Address
276 S. Exchange St., St. Paul, 651-224-5606
The Scene
This stately Irvine Park grand dame has been given a major facelift and she sparkles with charm and refined elegance. A comfortable lounge and seven separate dining salons are spread over the three floors of the Victorian mansion that was constructed in 1870 by namesake dry-goods magnate Joseph Forepaugh. Each room is handsomely dressed with its own collection of solid, well-upholstered chairs, formal table settings, and period décor. Several have working fireplaces. There’s also a pleasant second-story dining terrace that offers a glimpse of nearby downtown St. Paul and the attractively planted grounds. The clientele tends to be a genteel lot, many diners nattily dressed in blazers and similar sportswear.
Our Take
Taher, Inc., is on a tear. Only last year this Minnetonka–based institutional food service company opened its first standalone restaurant—the widely acclaimed Wayzata Eatery. Forepaugh’s represents its fourth makeover, and the company recently acquired the Timber Lodge Steakhouse chain. Each kitchen has its own resident chef, and in the case of Forepaugh’s, he is a former French Laundry, Waldorf Astoria, and Chambers Kitchen veteran, Donald Gonzalez. Gone is the heavy classical French cuisine of yore and in its place is the cooking style billed as New American. The pleasantest surprise is Gonzalez’s willingness to weight the short, seasonally changing menu with unusual concepts and bold seasonings. The unconventional dimension ranges from a delightfully spicy rendition of poutine—the French Canadian snack combination of French fries, cheese curds, and gravy, adulterated with pickled chilies and chili glaze—to a delicious striped bass pistou of fresh fish immersed in a fumet brimming with baby artichokes, tomatoes, olives, edamame, and beans.
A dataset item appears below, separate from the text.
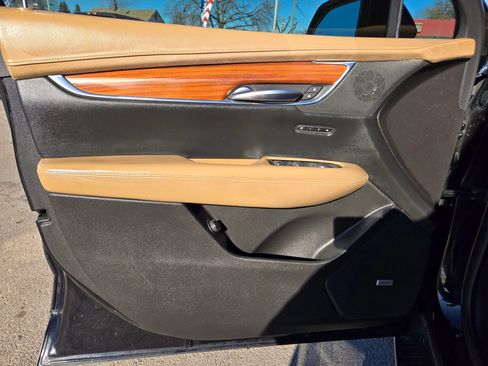 Used 2017 Cadillac XT5 Platinum image 35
The bold dimension segues from an appetizer of two perfectly cooked lamb chops swaddled with a devilishly piquant chimichurri to a wonderful halibut dish featuring a sophisticated coconut curry broth. A few of the dishes had a lot going on, most notably a serving of lamb loin slices that were all but invisible under an overwhelming mantle of vegetables. The other challenge is getting the food to the table before it cools down. The well-trained and personable wait staff get a major workout climbing up and down flights of stairs.
Where’s Molly
Anyone who has dined at Forepaugh’s has heard stories of encounters with Molly, the mansion’s resident poltergeist. As legend has it, the same day her employer-lover shot himself in a nearby park, Molly hung herself from a chandelier in her third-floor bedroom. Reports of haunting have persisted ever since. Our server assured us that during her short tenure, she had already experienced the unexplainable and that Molly’s ghost is still in her ectoplasmic place.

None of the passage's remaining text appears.